Gravitational waves and particle physics: complementary ways to probe the Universe’s deepest physics
This Perspectives article argues that measurements of gravitational waves can be used together with particle physics experiments to learn about fundamental physics. The authors review how different kinds of gravitational-wave signals carry information about dense matter, dark matter, and processes in the very early Universe. They emphasize that the next generation of detectors will open new ways to test ideas that are hard or impossible to reach with particle colliders alone.
The paper explains several concrete links. Ripples in space and time called gravitational waves (GWs) from neutron-star mergers are sensitive to the behavior of matter made of quarks and gluons at very high density. Signals from black-hole mergers can probe some dark-matter scenarios. A stochastic gravitational-wave background (SGWB) — a faint, persistent hum of many unresolved sources — could come from a first-order phase transition in the early Universe. Such a transition would leave a GW signal that can be sensitive to energy scales around the teraelectronvolt (TeV) range, which is the target of collider projects such as the High Luminosity Large Hadron Collider (HL-LHC) and proposed future colliders. The article also notes recent results from pulsar timing arrays at frequencies near 10^-8 hertz, which may be explained by supermassive black-hole binaries but do not yet rule out other early-Universe sources.

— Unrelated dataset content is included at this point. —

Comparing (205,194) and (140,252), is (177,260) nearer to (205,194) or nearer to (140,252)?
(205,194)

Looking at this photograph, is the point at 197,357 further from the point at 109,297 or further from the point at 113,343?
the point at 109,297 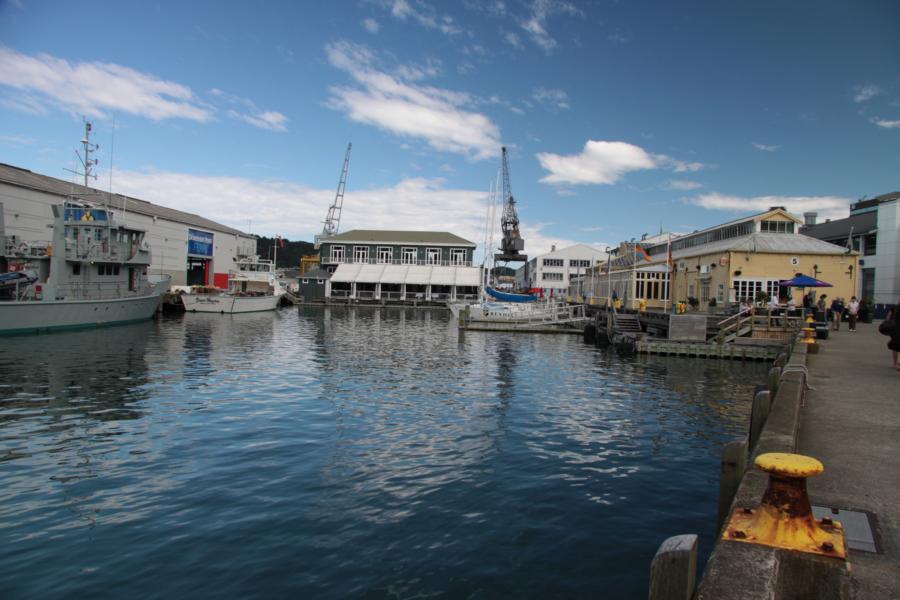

The authors describe how upcoming instruments fit into this picture. The Laser Interferometer Space Antenna (LISA) is a planned space mission that will look for GWs in the millihertz band (about 10 microhertz to 1 hertz). LISA will consist of three satellites forming a triangle separated by millions of kilometres and will be sensitive to supermassive black-hole mergers, extreme mass-ratio inspirals, many compact binaries in our galaxy, and to potential TeV-scale phase transitions. On the ground, proposed third-generation detectors such as the Einstein Telescope and Cosmic Explorer aim to improve sensitivity by more than an order of magnitude over today's detectors and should see many more stellar-mass black-hole and neutron-star mergers.